ネットワンシステムズ(吉野孝行社長)は、米Damballaと販売代理店契約を締結し、標的型攻撃などによるマルウェア感染端末の自動検知と対応優先度を分析する企業・組織向け製品「DAMBALLA Failsafe」、感染端末の自動検知機能に特化した通信事業者向け製品「DAMBALLA CSP」を、10月29日に発売した。

 DAMBALLA Failsafeは、八つの検知エンジンで感染端末を検知し、九つのリスク分析エンジンでビジネスへの影響度に応じた対策優先順位をつけて自動的に通知する。これによって、CSIRT(企業・組織内の情報セキュリティ問題を専門に扱うチーム)をはじめとする対策部門の対策時間を大幅に短縮することができる。また、DAMBALLA Failsafeを活用して、感染端末の外部通信を自動的に遮断する情報漏えい対策ソリューションを提供する。具体的には、C&Cサーバー(感染端末を攻撃者が制御・操作するサーバー)と通信する端末をDAMBALLA Failsafeが検知すると、その端末のIPアドレス情報をLog分析サーバー経由でファイアウォールに伝え、該当端末の外部通信を検知から約2分で自動的に遮断する。

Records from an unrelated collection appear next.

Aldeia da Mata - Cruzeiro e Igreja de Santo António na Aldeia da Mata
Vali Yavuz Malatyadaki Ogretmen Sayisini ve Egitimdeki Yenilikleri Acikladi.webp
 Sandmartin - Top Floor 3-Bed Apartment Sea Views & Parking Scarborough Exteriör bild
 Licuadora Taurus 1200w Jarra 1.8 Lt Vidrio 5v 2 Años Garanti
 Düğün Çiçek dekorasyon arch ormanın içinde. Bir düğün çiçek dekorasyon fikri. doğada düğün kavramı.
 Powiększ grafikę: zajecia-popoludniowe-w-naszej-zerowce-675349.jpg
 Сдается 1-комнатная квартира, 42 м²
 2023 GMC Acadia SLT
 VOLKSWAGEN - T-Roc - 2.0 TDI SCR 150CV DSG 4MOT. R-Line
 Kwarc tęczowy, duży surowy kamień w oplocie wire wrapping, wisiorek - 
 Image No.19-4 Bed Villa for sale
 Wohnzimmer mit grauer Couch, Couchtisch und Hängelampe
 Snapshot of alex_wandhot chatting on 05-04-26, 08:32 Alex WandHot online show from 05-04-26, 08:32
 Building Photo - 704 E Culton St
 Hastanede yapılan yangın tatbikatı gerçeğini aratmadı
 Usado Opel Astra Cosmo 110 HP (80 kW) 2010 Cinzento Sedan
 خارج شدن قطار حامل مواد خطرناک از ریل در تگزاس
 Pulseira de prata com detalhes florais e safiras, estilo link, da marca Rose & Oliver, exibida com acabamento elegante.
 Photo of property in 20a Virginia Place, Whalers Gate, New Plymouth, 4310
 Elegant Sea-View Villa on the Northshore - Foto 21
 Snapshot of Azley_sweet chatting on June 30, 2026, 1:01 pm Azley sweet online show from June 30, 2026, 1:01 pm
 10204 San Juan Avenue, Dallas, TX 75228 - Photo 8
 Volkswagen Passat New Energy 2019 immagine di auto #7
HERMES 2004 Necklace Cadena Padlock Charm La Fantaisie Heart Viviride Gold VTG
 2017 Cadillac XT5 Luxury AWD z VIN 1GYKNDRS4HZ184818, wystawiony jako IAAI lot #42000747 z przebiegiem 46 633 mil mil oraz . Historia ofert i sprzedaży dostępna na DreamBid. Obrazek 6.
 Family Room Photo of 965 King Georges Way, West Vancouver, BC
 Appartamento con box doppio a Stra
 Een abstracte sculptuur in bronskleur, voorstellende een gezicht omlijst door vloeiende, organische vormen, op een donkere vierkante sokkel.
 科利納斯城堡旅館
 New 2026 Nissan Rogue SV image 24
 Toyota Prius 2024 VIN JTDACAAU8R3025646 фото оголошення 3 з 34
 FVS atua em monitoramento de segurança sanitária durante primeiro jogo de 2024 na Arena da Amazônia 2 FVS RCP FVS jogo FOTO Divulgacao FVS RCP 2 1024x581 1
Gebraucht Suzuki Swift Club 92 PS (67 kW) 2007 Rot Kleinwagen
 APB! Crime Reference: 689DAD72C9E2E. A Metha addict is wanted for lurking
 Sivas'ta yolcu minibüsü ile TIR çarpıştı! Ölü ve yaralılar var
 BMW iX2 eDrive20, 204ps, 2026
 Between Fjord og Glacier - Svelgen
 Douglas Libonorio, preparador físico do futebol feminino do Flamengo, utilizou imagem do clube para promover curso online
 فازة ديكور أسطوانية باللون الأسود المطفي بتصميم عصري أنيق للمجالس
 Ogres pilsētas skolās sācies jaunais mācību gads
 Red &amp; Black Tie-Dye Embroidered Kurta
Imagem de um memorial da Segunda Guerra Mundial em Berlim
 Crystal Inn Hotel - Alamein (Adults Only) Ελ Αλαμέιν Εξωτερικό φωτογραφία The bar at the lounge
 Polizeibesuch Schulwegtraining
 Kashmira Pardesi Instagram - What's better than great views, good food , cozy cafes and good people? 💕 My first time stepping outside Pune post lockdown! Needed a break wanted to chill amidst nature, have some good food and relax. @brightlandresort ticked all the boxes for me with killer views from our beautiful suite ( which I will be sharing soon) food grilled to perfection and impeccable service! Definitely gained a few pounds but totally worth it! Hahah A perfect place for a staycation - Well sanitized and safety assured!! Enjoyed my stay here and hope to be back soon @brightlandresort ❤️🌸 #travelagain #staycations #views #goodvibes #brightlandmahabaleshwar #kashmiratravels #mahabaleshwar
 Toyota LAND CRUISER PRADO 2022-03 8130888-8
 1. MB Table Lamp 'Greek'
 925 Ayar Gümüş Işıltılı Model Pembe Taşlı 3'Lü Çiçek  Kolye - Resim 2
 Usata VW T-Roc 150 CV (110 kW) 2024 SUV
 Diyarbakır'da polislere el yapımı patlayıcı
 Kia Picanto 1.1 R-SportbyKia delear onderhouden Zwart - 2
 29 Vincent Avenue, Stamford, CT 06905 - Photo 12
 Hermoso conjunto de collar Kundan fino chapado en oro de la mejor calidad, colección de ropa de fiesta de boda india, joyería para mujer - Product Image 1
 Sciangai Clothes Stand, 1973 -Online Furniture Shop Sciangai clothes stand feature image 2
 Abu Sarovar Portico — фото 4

「DAMBALLA Failsafe」を活用した企業・組織向けの情報漏えい対策ソリューション

 DAMBALLA CSPは、通信事業者が提供するネットワークサービスの加入者の感染端末の自動検知機能に特化した製品で、1台で数百万端末まで監視できる(個人を特定できる情報は監視対象外)。この検知情報との連携によって、利用者への感染通知サービスや駆除サービスなどのセキュリティサービスの追加や、他社への乗り換え率の低減を図ることが可能となる。さらに、DAMBALLA CSPと、悪質な通信をフィルタリングするDPI/IDS製品、悪質な通信を破棄するブラックホールルータ、またこれら機器と連携するLog分析サーバーなどを組み合わせることで、不正トラフィックを削減するソリューションを提供する。

「DAMBALLA CSP」を活用した通信事業者向けの不正トラフィック削減ソリューション

 税別価格は、DAMBALLA Failsafeが監視対象500端末あたり年額750万円から、DAMBALLA CSPは個別見積となる。同社では、3年間で10億円の売上を目標としている。